[Web page caption snippets]

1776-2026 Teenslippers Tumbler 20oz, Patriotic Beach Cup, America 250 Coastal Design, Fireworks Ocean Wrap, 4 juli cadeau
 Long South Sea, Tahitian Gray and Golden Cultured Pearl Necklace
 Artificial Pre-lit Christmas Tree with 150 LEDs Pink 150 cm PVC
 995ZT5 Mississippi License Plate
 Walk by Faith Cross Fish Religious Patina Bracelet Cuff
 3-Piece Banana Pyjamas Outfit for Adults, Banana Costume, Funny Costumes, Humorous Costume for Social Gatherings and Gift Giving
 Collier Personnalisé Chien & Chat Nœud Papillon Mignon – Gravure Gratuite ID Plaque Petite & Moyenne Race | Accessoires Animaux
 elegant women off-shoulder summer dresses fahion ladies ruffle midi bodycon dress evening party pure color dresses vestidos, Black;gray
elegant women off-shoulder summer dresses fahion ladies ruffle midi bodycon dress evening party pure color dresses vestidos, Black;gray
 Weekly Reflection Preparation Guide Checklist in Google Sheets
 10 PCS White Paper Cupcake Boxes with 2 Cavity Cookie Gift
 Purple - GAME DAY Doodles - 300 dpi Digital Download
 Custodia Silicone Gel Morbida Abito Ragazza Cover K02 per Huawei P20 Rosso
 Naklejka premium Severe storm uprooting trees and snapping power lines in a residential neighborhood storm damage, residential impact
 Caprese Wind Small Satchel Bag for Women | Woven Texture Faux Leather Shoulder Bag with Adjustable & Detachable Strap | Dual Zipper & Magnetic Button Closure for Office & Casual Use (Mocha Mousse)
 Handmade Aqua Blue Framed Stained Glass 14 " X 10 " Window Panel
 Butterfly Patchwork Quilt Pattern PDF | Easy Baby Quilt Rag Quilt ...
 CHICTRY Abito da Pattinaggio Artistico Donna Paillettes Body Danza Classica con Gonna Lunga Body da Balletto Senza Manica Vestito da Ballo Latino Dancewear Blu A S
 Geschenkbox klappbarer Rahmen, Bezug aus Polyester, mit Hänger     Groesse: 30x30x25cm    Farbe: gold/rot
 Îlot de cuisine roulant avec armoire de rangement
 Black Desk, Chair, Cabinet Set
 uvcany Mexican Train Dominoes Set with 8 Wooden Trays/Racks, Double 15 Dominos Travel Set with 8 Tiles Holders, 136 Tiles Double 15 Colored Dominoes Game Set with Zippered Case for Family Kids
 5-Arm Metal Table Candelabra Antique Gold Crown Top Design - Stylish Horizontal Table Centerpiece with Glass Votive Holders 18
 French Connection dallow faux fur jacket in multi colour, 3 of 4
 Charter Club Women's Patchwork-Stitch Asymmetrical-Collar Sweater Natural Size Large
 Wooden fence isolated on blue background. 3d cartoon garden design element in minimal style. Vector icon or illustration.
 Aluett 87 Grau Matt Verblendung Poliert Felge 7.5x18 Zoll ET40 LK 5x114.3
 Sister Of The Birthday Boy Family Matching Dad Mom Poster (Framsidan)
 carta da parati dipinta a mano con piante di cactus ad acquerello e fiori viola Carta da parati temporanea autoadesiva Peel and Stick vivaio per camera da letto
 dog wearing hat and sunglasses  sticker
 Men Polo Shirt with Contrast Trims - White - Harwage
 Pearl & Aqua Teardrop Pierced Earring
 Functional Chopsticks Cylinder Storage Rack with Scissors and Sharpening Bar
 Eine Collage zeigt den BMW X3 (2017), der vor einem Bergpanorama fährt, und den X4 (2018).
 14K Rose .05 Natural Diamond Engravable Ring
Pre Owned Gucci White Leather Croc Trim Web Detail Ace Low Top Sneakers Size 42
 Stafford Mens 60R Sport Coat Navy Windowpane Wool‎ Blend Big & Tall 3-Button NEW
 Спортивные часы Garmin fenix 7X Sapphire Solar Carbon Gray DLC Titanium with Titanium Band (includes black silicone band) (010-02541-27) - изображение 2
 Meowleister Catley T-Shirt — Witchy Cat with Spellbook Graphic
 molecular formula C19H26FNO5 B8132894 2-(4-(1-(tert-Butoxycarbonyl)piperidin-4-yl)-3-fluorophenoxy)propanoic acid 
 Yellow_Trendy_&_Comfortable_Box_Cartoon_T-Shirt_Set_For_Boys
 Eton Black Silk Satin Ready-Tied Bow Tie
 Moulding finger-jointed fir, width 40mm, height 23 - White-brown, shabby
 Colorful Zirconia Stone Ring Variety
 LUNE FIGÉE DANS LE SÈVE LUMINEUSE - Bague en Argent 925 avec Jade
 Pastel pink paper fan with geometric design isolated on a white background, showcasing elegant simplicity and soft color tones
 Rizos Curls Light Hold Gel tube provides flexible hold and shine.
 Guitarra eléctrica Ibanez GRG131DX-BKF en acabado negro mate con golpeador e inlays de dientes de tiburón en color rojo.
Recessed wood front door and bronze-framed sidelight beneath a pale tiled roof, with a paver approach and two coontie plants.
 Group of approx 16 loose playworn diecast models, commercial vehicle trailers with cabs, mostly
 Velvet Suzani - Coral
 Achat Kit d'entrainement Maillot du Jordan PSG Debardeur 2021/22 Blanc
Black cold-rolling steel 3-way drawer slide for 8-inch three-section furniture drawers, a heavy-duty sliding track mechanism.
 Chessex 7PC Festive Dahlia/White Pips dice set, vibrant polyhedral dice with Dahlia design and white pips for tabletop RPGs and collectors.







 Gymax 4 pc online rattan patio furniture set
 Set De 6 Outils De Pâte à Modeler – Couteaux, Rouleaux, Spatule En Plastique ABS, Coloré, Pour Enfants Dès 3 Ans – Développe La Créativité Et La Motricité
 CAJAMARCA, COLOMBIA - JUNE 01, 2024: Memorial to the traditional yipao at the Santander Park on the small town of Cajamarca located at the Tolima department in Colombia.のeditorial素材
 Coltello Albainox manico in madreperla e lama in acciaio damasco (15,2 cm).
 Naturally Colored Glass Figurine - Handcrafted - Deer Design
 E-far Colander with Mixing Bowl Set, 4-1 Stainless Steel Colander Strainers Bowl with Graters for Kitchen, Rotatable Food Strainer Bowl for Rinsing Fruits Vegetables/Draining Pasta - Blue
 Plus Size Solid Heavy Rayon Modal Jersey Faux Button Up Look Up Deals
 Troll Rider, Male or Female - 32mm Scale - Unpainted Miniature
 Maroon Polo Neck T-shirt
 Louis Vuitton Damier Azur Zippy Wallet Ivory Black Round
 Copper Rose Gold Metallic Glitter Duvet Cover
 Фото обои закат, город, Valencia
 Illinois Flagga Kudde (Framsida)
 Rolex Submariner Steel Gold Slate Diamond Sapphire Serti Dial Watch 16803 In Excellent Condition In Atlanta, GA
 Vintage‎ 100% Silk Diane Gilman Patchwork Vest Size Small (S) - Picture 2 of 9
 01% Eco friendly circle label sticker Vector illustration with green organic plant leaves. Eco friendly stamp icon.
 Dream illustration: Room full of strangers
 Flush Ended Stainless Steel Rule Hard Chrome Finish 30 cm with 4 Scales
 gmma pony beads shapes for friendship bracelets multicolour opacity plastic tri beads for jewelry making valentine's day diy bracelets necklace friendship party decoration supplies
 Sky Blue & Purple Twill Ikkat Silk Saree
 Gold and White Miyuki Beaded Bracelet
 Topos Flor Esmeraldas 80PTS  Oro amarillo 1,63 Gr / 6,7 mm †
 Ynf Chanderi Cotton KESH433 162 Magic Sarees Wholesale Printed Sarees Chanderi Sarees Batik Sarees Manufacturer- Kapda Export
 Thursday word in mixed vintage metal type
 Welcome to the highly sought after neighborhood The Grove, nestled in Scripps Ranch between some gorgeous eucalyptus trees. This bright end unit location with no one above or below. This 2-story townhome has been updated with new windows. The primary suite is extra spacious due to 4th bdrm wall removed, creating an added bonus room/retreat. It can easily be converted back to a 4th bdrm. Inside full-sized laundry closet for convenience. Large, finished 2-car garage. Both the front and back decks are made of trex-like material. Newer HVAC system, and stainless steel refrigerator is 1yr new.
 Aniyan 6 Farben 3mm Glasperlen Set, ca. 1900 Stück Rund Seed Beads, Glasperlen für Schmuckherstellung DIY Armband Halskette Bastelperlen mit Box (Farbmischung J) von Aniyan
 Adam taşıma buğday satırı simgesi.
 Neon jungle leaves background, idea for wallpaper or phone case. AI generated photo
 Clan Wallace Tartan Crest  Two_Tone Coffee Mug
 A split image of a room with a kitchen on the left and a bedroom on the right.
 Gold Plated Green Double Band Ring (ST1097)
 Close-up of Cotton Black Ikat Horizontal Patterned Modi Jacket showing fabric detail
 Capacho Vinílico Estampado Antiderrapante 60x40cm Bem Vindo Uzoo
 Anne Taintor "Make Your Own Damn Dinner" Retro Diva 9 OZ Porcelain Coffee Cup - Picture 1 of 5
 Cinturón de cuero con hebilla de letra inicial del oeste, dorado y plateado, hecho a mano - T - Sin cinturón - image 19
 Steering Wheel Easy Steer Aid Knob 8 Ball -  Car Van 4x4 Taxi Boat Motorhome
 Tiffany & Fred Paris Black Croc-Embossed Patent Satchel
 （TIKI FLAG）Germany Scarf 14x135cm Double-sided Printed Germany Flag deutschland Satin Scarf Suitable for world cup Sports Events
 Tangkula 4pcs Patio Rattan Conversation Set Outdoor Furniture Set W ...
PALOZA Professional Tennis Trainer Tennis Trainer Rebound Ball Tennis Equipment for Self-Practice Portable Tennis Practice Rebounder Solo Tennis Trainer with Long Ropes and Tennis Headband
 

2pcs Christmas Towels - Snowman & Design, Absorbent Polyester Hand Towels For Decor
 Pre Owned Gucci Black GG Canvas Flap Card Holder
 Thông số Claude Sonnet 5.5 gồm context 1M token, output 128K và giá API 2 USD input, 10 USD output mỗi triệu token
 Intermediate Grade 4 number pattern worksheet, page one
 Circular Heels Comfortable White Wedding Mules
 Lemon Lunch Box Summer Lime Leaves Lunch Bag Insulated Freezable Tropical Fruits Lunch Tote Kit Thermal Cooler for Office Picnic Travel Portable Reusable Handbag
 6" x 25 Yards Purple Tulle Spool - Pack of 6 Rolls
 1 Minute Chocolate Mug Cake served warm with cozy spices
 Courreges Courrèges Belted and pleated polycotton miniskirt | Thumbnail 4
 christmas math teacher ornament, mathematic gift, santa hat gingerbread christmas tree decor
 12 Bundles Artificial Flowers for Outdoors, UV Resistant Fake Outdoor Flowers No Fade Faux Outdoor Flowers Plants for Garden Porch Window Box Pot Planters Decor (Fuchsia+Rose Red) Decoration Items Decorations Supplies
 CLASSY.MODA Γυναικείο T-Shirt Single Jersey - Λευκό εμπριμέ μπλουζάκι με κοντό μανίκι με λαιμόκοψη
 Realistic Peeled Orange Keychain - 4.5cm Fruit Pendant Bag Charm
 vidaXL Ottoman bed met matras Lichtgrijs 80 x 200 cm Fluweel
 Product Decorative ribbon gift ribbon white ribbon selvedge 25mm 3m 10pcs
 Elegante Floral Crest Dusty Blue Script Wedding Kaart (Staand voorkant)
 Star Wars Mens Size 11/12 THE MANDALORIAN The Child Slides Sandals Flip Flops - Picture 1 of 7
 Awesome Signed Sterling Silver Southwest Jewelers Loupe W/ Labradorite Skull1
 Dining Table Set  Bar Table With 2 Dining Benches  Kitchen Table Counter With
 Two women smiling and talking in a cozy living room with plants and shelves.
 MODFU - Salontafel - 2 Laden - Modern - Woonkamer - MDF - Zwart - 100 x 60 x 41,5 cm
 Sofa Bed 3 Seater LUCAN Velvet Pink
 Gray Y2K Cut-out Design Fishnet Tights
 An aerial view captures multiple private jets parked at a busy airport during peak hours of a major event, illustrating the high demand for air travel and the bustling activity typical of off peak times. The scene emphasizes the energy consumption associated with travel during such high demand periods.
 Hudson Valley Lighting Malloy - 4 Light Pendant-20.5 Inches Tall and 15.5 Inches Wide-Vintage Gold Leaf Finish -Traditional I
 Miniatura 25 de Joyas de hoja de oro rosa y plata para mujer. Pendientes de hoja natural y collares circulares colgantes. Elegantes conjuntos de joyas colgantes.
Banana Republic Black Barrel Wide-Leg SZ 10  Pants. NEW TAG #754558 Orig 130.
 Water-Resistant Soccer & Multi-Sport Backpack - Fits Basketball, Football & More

- _Work to complete_
The line with "Walk by Faith" marks the end; reproduce exactly every line from the start of the entries up to it, that line included.

- _Expected output_
1776-2026 Teenslippers Tumbler 20oz, Patriotic Beach Cup, America 250 Coastal Design, Fireworks Ocean Wrap, 4 juli cadeau
 Long South Sea, Tahitian Gray and Golden Cultured Pearl Necklace
 Artificial Pre-lit Christmas Tree with 150 LEDs Pink 150 cm PVC
 995ZT5 Mississippi License Plate
 Walk by Faith Cross Fish Religious Patina Bracelet Cuff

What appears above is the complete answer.